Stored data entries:

⁂

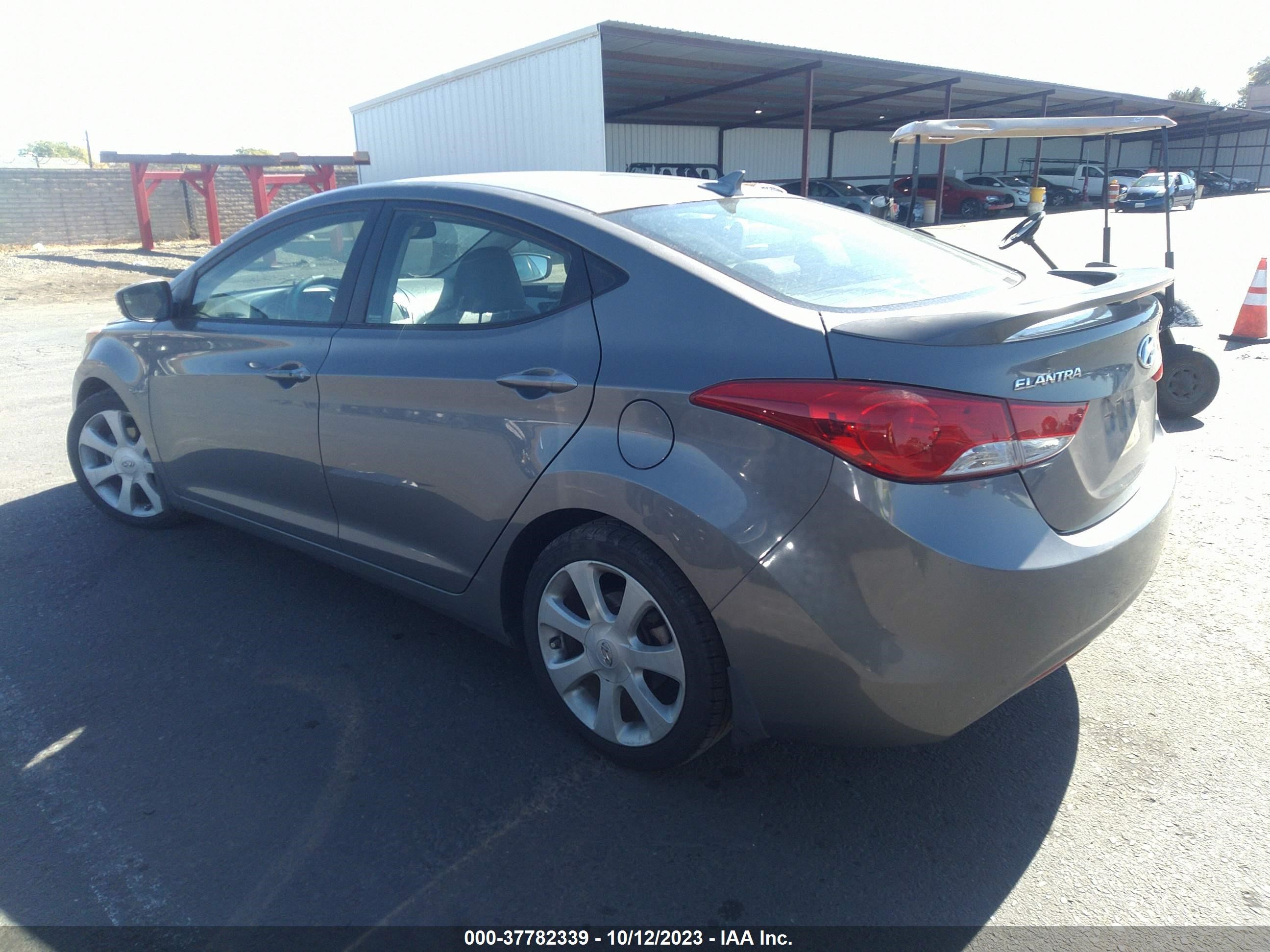 Photo 2 VIN: 5NPDH4AE5DH282415 - HYUNDAI ELANTRA 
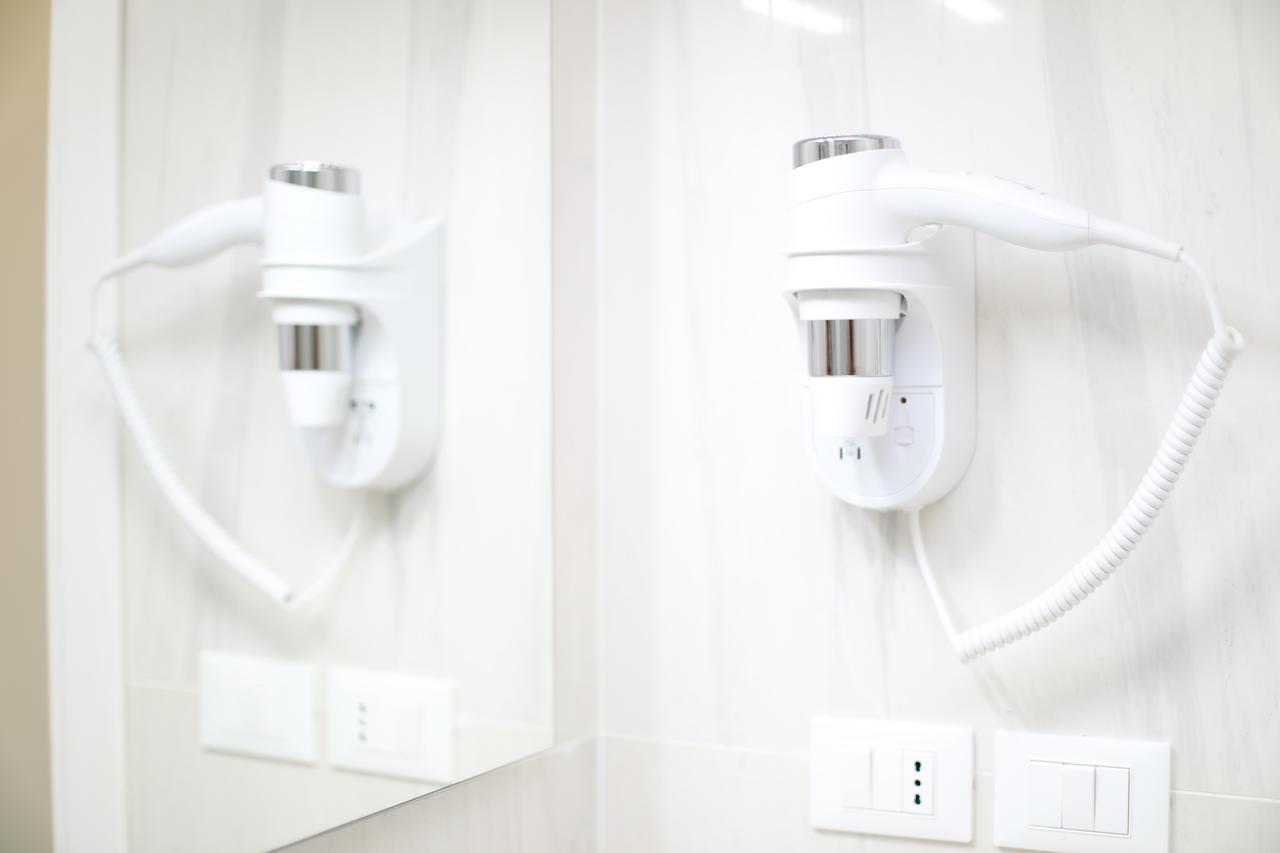 White Aurora Rooms Порто-Чезарео Екстер'єр фото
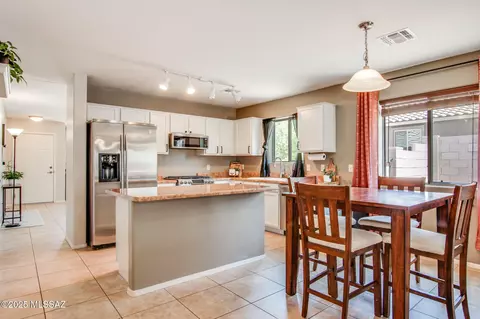 11337 W Pipestone St, Marana, AZ 85658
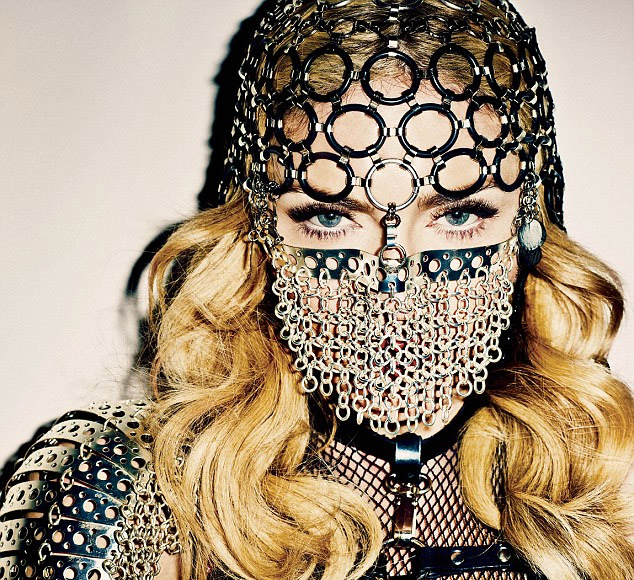 Madonna: Με βίασαν σε ταράτσα όταν ήμουν 19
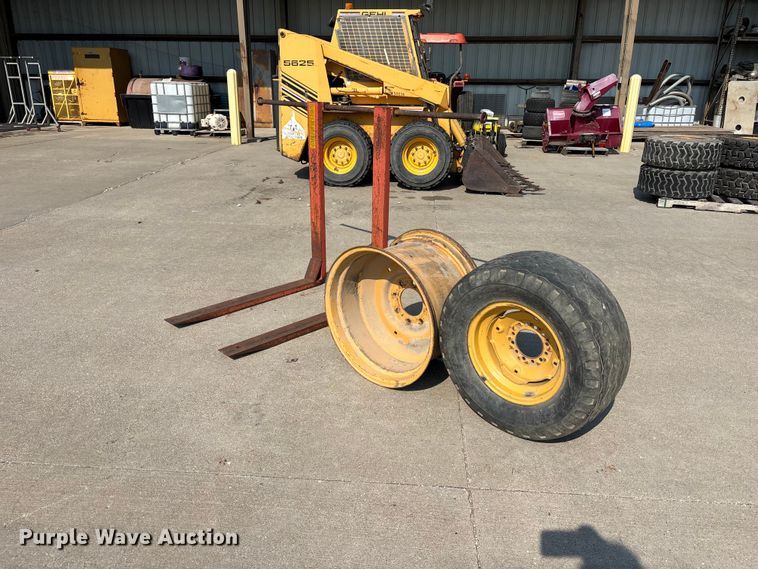 image for item NM9921 1990 Ford 250C tractor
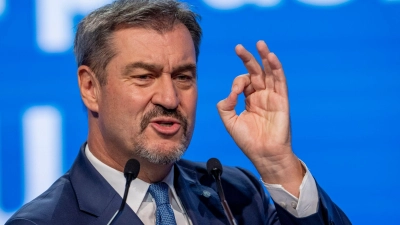 Es ist ein Ratschlag, der nicht jeden in Berlin freuen dürfte. Aus dem fernen Süden fordert CSU-Chef Söder den Bundesfinanzminister auf, die Koalition in der Bundesregierung platzen zu lassen. (Archivbild)  (Foto: Peter Kneffel/dpa)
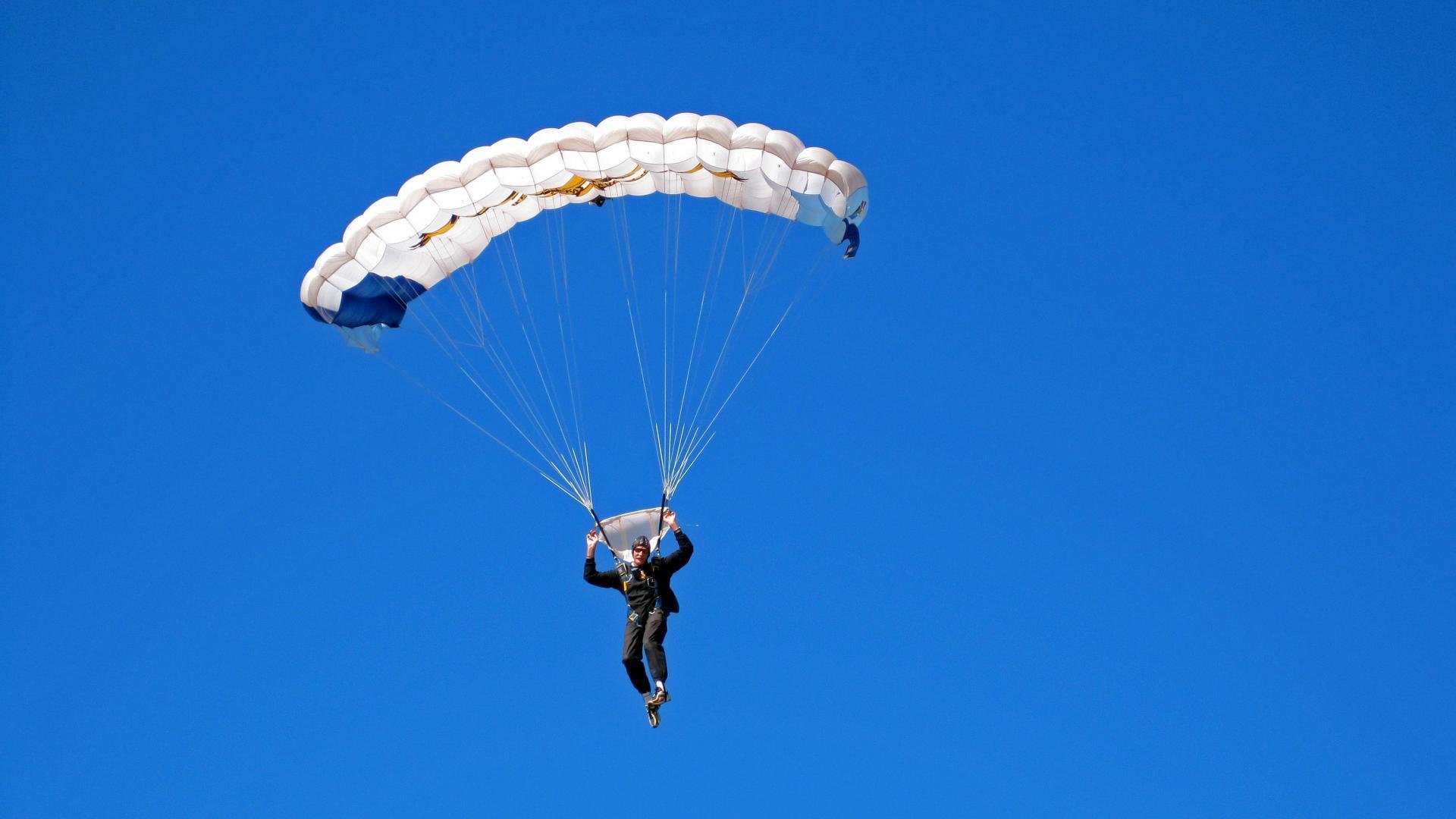 城市与赛事合作推动赛事周边旅游产品打包销售，赛事带动城市的发展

⁂

Set down exactly the lines between the line containing "11337 W Pipestone St, Marana, AZ 85658" and the end of the records above, both ends included; pictures stay out.

 11337 W Pipestone St, Marana, AZ 85658
 Madonna: Με βίασαν σε ταράτσα όταν ήμουν 19
 image for item NM9921 1990 Ford 250C tractor
 Es ist ein Ratschlag, der nicht jeden in Berlin freuen dürfte. Aus dem fernen Süden fordert CSU-Chef Söder den Bundesfinanzminister auf, die Koalition in der Bundesregierung platzen zu lassen. (Archivbild)  (Foto: Peter Kneffel/dpa)
 城市与赛事合作推动赛事周边旅游产品打包销售，赛事带动城市的发展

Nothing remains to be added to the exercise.